Ken made a suggestive sound, the meaning loud and clear.
"Tell me something," she began. "You ever go fishing with Michael up in the mountains?"
The expression on his face was as clear as if he had spoken the words. Hell no.
Angie drove right past her house, her mind still trying to grasp what she had figured out while she talked to Ken. The fact that Michael Ormewood had pursued and married a teenage girl almost fifteen years ago wasn't exactly evidence that he was involved in something now, but the coincidence was still there and Angie had been a cop too long to believe in coincidences.

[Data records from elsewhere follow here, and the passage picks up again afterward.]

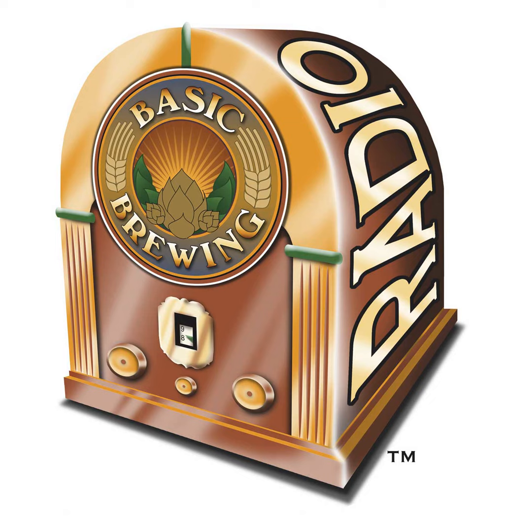Basic Brewing Radio is sponsored in part by the American Homebrewers Association. Get ready — Saturday, August 6th is Mead Day. In celebration of this sweet homebrew holiday, the AHA is offering listeners $5 off membership with promo code MEADDAY22. Visit homebrewersassociation.org/basicbrewing to download mead recipes, find a homebrew supply shop, and dust off your mead-making skills with how-to videos. That's homebrewersassociation.org/basicbrewing to get $5 off for Mead Day when you join and renew by August 8th, 2022.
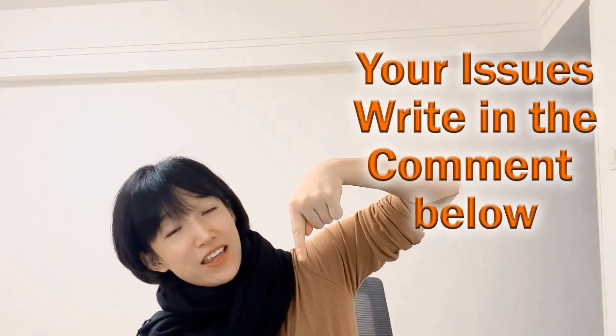Do you have other issues on laser marking machines? You can write it down in the comments — I will reply. Maybe the next video is for you. Thank you so much for joining me here today. I will see you next Tuesday here on my YouTube channel. Bye bye!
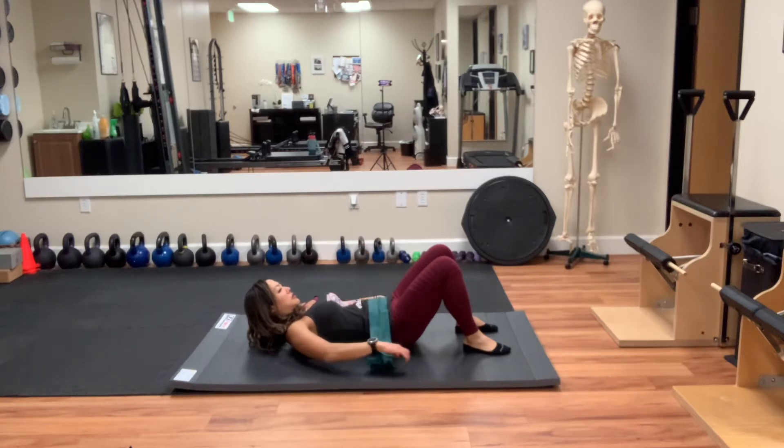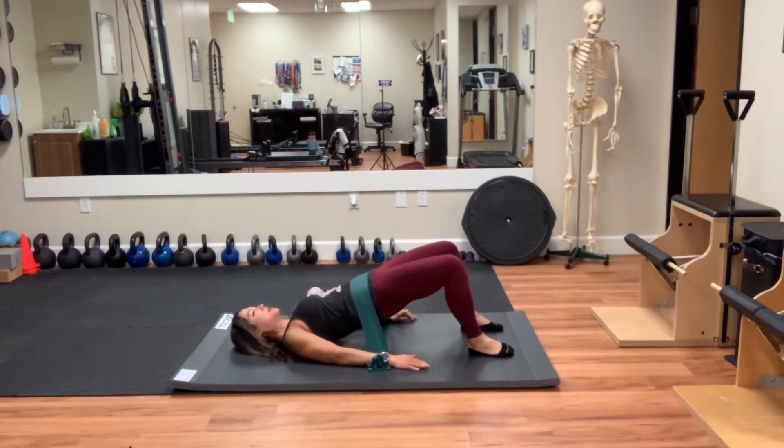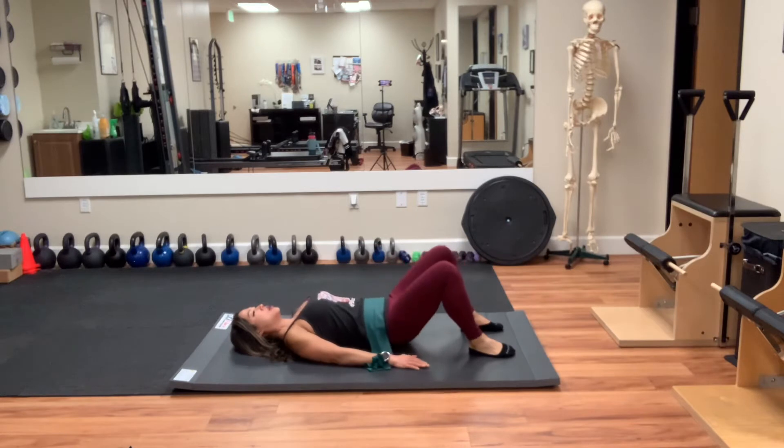Place the band across my hips. Take a breath in. Exhale. Squeeze my butt up. Do a little bit of a pelvic tilt. Hold at the top and then lower back down.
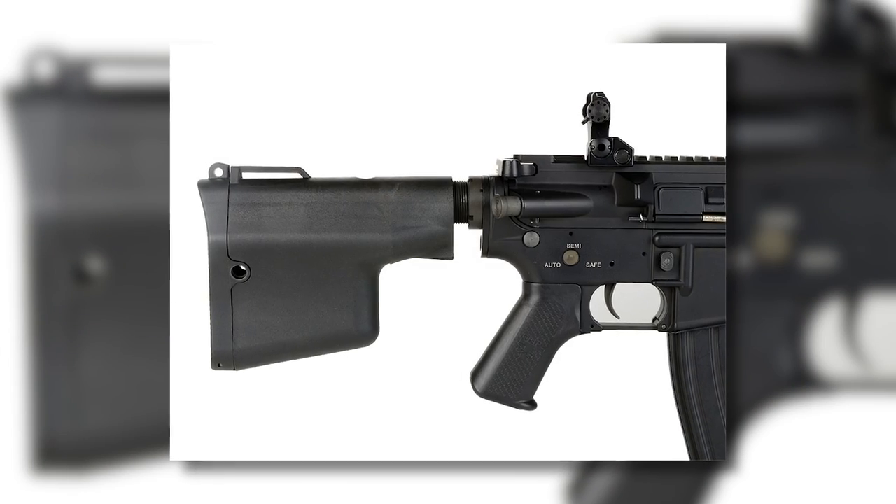So fear not, the cosmetic masters at Madbull have got you covered in a new way to balance out your build in style, and it's called the Badalac stock from Troy.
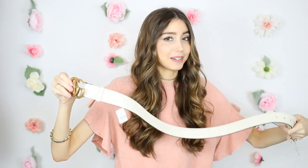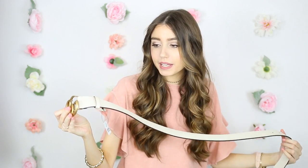So I got the white double G belt. I love this — this color is like the perfect white. I would definitely say this is like a bone white. Really, really love this. Oh my gosh, it's so pretty.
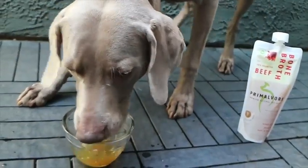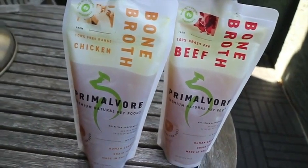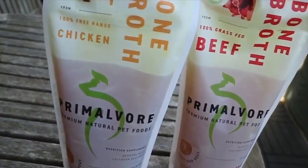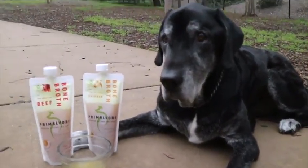It can be mixed in with dry dog food, raw dog food, or home cooked food. It also works as a treat on its own or to hydrate your dog after a run. Primalvore's bone broth is made with organic ingredients. It comes in 12 ounce pouches in chicken or beef. My dogs love it.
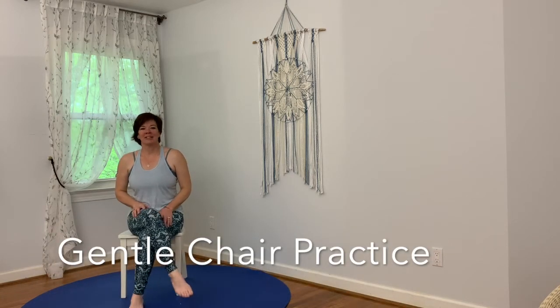Thank you for joining me for chair yoga today. Let's take a few minutes to just relax and stretch. Just a gentle seated position, allowing your feet to sit firmly on the floor, resting comfortably in your chair.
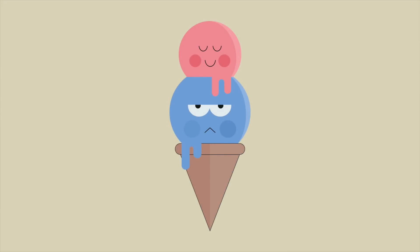Hello and welcome to an Affinity Revolution tutorial. My name is Ezra Anderson, and today we're going to create a cute ice cream design.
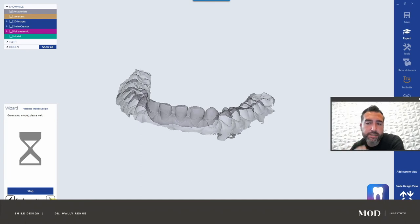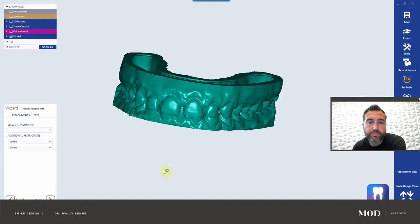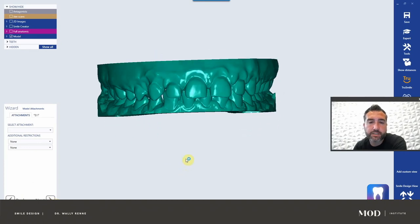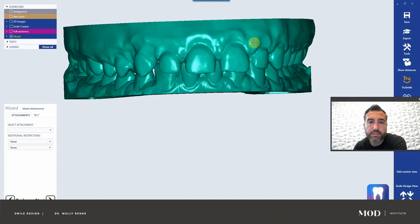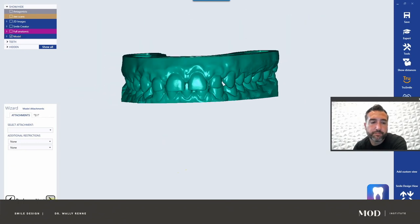I'll show you two ways to print the upper with the wax up. You can print both — kind of like a 'this is where you are and this is where you're going' thing — but know that you edited the gingiva and that's going to transfer over to the before. So you'd want to load a generic visualization mesh and print that, because this model has the gingivectomy already. Now we have our models ready for 3D printing.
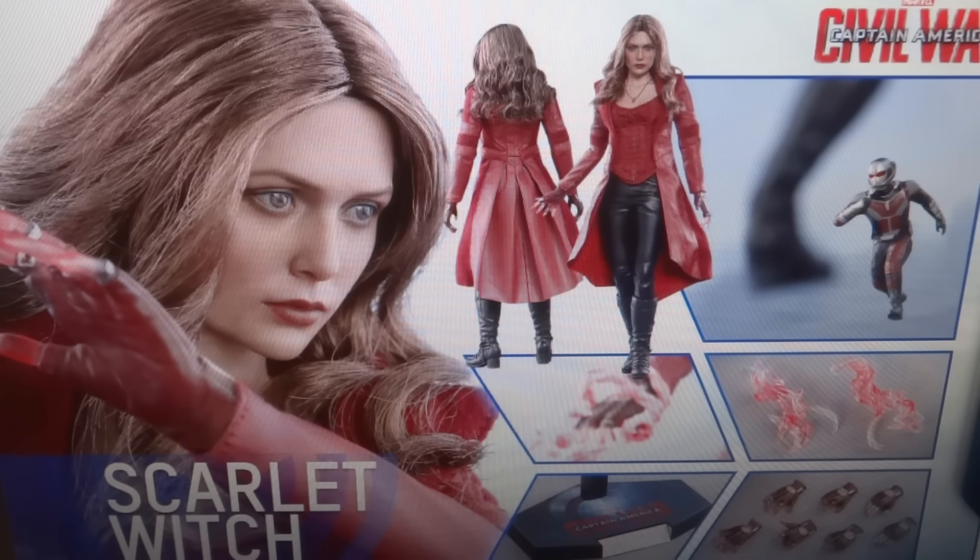We'll have to see if I do end up getting this. It's not on pre-order yet because it was shown on Friday night — it'll go on pre-order Monday from Sideshow, most likely. We'll have to wait the weekend to see the price on this, but I would imagine it'll be priced exactly the same as the last Scarlet Witch, which I think was like $215. That's what they seem to be doing with these Civil War figures: putting them out for almost the exact same price as the last one.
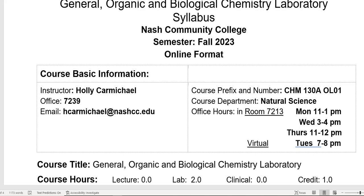Hi, this is Holly Carmichael. I'm the instructor for Chem 130, General Organic and Biological Chemistry, and I wanted to take a minute to just go over the requirements for the lab that accompanies Chem 130.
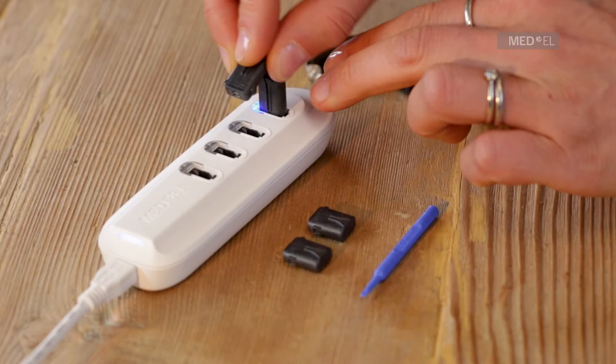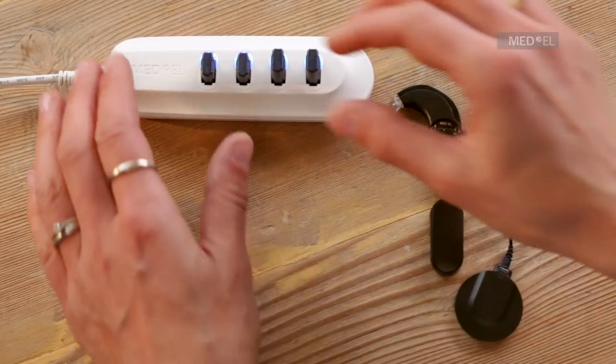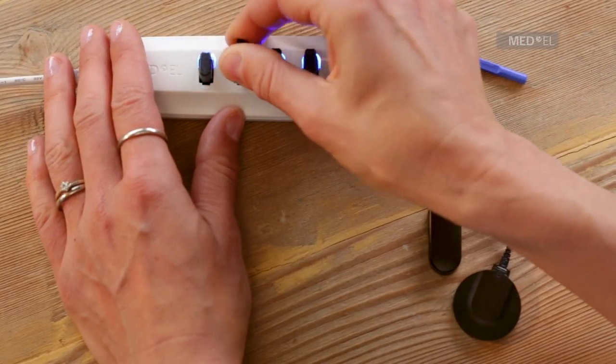When the indicator light turns off, the battery is fully charged. This takes up to four hours. Gently remove the charged battery from the charger.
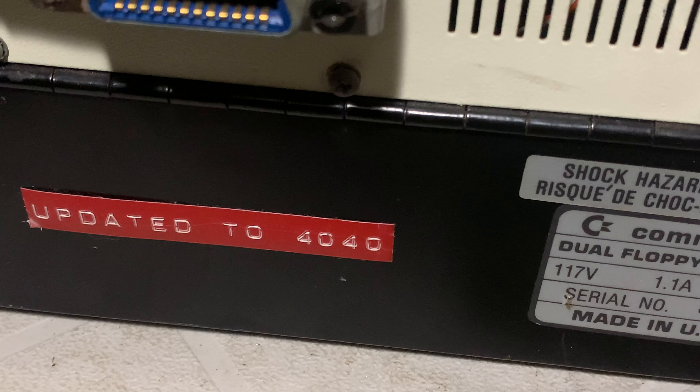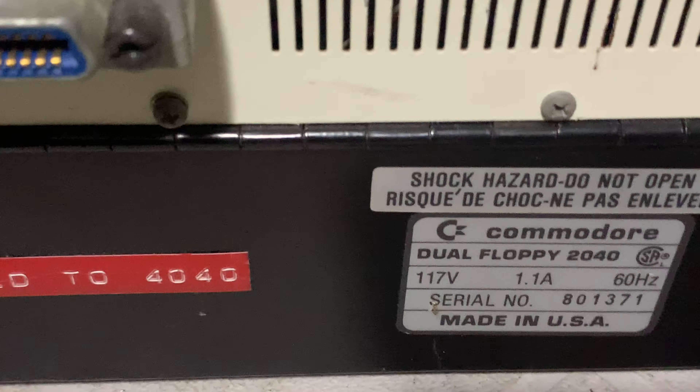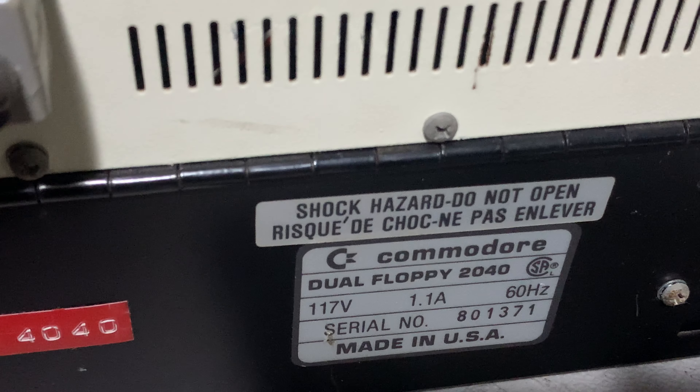Well, as with many things back in the day, there is Dymo tape. A magical thing — funny little gun, sticky stuff. Sticky stuff lasts really well. You pick your letter, you squeeze the thing, it puts the impression onto the tape. And there it is. It has officially been upgraded to a 4040.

She worked a scenario in her head as she made a U-turn at the end of her street, passing by her house again and heading down Piedmont. She took a left at the light, then another left onto Ponce de Leon, as she let the
possibilities play out. Michael was still using the girls, pulling rank for freebies. Baby G had figured this out. Maybe Aleesha Monroe had been one of the girls Michael used and G hadn't liked the cut in his income. He had killed Monroe, then killed Michael's next-door neighbor as a lesson.
But why would Baby G kill Cynthia Barrett? Even if Michael did have a thing for teenage girls, that didn't mean he was screwing his neighbor. And it wasn't like that kind of lechery was unusual in a man of forty. All you had to do was look at a fashion magazine or go to the local cinema to find images of scantily clad girls hanging on to men who were old enough to be their fathers. Hell, you couldn't walk through the local shopping mall without seeing a bunch of twelve-year-olds wearing T-shirts up to their nipples and jeans down to their hooches. And their mothers were usually wearing the same thing.